Now that you’ve laid the groundwork for your grassroots promotional efforts, it’s time to focus on getting your show listed in the press – which can be a bit of a process, especially for a new band. For any hope of getting some promotional love from the press, you’re going to need to submit your press release at least THREE WEEKS in advance, and you’re going to have to format it just right.

Basic Press Release Guidelines

For Immediate Release

Contact info here, to include name, address, phone, email

Who, What, When, Where, Cost

All the specifics should be right up top in the release

About Your Band/Music
What makes you special, who do you sound like, why should anyone want to see you play live? As Frank Zappa might say: “What can you do that is fantastic?

Quotes
It’s always better if someone else says something nice about you, rather than you saying it yourself. There was a band around Boston a few years back that used a quote from Mark Sandman in their press releases that said something like “I saw them play, they were…interesting.” I always thought that was pretty cool.

Bio
About you or your band, what the member’s play, was a member of your band part of Broken Social Scene? What else can you say about your band?
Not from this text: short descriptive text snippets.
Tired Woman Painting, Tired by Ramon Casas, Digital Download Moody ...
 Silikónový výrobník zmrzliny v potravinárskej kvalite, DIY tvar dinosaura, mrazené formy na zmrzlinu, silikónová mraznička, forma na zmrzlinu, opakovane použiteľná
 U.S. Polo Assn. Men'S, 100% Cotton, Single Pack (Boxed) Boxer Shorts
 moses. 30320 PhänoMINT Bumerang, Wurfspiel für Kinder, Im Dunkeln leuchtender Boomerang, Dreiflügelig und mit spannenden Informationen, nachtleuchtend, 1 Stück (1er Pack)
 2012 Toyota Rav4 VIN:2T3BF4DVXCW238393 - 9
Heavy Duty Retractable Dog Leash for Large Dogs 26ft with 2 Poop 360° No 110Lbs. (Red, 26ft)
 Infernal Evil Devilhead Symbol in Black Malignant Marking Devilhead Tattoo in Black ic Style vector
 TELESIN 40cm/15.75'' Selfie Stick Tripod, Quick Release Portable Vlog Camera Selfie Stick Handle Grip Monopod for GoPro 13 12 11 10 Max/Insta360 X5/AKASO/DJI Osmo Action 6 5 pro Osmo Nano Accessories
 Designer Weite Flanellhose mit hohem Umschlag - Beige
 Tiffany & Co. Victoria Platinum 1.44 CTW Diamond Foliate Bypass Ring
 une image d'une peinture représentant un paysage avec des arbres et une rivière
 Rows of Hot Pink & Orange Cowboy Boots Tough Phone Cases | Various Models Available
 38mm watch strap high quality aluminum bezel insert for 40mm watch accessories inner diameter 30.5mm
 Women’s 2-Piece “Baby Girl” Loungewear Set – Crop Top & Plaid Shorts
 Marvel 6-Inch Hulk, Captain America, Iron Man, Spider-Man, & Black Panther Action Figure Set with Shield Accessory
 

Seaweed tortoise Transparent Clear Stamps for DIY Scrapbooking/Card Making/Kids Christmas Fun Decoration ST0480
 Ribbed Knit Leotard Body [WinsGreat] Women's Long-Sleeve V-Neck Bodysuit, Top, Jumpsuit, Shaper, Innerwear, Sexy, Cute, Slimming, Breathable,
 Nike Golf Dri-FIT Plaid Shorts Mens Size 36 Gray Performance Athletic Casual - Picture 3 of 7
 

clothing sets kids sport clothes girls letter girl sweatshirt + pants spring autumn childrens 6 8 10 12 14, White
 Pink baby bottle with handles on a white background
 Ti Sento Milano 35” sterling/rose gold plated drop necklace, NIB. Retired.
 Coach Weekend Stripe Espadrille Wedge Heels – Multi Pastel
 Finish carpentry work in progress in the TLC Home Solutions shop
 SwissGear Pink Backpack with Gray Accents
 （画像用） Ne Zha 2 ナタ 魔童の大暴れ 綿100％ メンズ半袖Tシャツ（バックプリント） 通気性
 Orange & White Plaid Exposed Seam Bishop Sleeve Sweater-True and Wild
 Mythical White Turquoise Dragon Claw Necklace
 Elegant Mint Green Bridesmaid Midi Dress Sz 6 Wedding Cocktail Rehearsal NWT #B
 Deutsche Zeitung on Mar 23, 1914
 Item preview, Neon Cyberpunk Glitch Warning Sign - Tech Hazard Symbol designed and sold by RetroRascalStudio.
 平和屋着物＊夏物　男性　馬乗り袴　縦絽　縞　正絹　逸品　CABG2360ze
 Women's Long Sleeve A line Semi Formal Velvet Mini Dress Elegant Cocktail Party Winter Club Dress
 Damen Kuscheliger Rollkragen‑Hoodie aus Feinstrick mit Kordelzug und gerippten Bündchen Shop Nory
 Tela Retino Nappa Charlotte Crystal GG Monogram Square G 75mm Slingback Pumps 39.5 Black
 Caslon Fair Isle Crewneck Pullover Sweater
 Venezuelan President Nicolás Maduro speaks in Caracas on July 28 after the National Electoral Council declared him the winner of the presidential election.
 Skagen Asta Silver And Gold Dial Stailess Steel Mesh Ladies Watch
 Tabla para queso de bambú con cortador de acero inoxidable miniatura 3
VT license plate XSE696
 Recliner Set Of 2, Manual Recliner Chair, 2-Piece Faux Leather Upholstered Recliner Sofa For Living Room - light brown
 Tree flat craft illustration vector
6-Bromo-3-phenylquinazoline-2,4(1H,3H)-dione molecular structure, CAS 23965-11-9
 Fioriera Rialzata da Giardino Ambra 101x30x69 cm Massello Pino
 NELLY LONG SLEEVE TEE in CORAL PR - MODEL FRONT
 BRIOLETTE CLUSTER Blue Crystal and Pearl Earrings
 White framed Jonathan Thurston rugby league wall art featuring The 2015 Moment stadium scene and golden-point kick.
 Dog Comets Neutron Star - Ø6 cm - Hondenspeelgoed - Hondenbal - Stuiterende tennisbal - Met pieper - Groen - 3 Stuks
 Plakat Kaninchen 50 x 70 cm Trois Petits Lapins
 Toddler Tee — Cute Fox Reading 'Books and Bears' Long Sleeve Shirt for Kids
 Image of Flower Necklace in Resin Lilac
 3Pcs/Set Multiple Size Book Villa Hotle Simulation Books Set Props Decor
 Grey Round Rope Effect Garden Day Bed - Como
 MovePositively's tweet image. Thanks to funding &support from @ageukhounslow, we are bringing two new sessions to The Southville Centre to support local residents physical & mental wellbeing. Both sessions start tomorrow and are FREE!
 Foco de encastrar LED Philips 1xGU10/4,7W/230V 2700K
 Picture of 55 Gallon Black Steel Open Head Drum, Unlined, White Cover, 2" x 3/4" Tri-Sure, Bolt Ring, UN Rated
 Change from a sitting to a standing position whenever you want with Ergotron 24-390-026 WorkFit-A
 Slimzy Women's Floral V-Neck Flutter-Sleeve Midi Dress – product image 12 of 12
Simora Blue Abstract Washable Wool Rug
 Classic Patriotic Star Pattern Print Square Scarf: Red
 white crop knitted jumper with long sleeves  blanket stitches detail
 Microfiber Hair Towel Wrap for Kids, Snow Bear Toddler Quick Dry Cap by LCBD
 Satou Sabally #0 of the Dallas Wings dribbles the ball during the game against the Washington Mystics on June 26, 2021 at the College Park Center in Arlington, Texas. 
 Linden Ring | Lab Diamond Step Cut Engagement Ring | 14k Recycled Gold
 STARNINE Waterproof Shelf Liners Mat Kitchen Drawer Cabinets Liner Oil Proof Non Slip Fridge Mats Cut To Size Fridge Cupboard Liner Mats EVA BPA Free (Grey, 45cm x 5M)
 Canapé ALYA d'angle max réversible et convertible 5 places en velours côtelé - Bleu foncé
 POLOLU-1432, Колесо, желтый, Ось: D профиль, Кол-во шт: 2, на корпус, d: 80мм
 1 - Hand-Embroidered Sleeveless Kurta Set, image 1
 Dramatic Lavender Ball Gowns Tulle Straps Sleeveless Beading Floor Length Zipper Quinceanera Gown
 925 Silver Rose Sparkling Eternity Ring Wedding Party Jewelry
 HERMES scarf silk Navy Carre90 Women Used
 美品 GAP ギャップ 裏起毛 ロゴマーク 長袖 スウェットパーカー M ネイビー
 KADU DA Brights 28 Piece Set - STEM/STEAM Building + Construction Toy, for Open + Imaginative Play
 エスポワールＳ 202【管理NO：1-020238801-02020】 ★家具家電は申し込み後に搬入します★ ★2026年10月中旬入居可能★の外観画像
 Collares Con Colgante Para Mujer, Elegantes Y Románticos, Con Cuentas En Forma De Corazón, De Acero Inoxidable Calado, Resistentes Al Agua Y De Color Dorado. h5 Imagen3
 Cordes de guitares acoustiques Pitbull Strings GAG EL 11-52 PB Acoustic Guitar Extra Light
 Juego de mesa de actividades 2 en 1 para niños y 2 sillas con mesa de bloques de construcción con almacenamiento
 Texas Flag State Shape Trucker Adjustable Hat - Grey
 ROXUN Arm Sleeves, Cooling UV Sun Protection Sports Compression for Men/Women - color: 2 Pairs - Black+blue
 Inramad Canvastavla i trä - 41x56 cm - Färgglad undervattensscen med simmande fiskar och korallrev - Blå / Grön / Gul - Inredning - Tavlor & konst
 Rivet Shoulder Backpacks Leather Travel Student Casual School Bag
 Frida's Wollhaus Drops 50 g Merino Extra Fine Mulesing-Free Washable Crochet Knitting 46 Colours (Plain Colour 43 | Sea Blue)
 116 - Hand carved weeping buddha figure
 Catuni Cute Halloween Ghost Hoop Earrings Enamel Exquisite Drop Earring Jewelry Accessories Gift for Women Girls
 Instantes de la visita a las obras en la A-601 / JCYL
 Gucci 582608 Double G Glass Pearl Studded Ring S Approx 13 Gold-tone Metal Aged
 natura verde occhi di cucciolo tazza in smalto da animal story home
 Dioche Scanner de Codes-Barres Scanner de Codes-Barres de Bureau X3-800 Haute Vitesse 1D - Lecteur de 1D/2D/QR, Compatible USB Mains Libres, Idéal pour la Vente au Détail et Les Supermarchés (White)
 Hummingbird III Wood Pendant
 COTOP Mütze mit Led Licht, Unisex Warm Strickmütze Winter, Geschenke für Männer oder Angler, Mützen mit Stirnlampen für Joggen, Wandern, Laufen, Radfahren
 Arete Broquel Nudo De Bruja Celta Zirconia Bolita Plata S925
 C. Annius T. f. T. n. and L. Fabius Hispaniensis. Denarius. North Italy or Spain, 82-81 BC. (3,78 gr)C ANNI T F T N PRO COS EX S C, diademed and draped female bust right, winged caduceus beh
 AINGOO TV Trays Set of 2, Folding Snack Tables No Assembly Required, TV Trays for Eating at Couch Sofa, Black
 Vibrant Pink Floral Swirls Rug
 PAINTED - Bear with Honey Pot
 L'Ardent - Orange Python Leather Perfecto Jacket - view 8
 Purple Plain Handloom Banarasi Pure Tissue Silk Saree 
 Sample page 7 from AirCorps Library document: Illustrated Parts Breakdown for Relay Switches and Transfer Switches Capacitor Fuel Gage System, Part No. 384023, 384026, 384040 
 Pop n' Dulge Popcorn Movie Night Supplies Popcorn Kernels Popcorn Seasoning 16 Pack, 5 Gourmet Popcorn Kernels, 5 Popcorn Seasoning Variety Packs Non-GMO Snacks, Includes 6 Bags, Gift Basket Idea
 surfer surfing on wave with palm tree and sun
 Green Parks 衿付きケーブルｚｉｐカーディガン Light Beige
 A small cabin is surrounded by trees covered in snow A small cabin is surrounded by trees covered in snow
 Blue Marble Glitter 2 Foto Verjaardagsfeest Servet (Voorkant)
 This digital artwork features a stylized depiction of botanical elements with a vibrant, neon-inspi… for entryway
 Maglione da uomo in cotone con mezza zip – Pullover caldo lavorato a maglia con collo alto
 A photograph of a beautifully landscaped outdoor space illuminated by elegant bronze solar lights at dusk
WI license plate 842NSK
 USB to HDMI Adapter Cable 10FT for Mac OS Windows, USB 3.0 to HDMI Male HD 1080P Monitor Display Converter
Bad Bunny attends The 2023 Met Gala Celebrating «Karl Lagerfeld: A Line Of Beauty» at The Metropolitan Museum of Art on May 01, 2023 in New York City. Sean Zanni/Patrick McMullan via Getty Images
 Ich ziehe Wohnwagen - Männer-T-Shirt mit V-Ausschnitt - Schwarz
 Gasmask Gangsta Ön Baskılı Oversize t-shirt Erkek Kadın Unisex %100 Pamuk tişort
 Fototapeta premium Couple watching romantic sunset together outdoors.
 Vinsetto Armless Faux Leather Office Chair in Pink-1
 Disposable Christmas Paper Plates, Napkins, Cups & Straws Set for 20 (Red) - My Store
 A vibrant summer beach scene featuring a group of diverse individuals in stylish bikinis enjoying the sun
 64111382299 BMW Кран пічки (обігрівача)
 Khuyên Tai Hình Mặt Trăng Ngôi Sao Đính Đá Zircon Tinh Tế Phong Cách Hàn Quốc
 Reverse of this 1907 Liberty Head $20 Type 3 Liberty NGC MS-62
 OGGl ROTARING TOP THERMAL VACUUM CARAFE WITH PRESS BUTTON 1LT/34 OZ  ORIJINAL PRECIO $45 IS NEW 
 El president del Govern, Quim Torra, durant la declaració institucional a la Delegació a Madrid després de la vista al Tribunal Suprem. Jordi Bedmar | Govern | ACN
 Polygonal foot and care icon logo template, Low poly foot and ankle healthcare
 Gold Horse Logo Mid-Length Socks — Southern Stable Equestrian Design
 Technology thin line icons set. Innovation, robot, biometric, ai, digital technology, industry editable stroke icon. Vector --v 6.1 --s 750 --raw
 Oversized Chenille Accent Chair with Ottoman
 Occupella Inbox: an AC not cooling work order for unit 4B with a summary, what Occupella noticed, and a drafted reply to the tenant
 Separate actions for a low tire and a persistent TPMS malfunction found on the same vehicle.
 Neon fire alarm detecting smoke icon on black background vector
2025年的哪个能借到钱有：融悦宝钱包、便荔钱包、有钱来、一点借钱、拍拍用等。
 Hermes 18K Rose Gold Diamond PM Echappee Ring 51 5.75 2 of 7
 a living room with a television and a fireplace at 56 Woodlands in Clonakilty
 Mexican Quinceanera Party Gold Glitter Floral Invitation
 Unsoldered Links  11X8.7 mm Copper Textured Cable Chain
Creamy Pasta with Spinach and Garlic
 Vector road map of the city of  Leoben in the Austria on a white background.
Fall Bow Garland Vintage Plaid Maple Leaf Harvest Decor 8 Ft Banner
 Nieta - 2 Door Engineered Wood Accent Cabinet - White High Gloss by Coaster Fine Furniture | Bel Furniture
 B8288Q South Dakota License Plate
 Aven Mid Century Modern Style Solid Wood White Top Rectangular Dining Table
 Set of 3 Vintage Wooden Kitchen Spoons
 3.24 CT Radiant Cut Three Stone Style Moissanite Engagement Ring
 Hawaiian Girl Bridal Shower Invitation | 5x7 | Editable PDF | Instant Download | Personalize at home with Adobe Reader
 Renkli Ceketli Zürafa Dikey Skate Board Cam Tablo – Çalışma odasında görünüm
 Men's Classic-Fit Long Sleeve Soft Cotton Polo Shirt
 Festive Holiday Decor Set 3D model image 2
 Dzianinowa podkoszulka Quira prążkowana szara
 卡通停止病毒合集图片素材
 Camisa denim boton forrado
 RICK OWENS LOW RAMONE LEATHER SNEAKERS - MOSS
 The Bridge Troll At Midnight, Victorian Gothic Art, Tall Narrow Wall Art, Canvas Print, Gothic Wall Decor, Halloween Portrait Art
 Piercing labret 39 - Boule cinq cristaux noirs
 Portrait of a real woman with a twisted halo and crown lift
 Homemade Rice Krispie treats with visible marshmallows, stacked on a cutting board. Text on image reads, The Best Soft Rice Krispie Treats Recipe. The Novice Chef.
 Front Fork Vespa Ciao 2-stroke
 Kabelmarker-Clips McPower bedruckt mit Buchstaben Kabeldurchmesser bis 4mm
Once you have the above formatted nice, you’re ready to send it out. Start with the hip weeklies in your area (In Boston this would be the Dig and the Phoenix, Chicago has the Reader, NY has the Voice, etc).

Next Steps
After you get a couple shows under your belt, there are some additional things that can be done to help promote yourself. You’re going to have the beginnings of your community started and your email list in place, and you can now keep people up to date through a dedicated list (there are many companies out there that can help you to send nice HTML updates), as well as a MySpace page with show listings and song samples. And once you start really killing your live show, you may start making friends with your local press, which can result in some show reviews. If you have aspirations to play outside your local area, all this critical mass can be harnessed into your promo kit, which you’re going to use to secure dates in areas where you don’t necessarily have the luxury of a fan base yet.

Keep in mind that getting your name out there is an arduous process, and no matter how good your promotion is, you’re absolutely going to be playing to a handful of folks on occasion. Every other band has been in exactly the same situation, and if you lay a firm promotional groundwork now at these early stages, and your live show is excellent, you’re bound to succeed.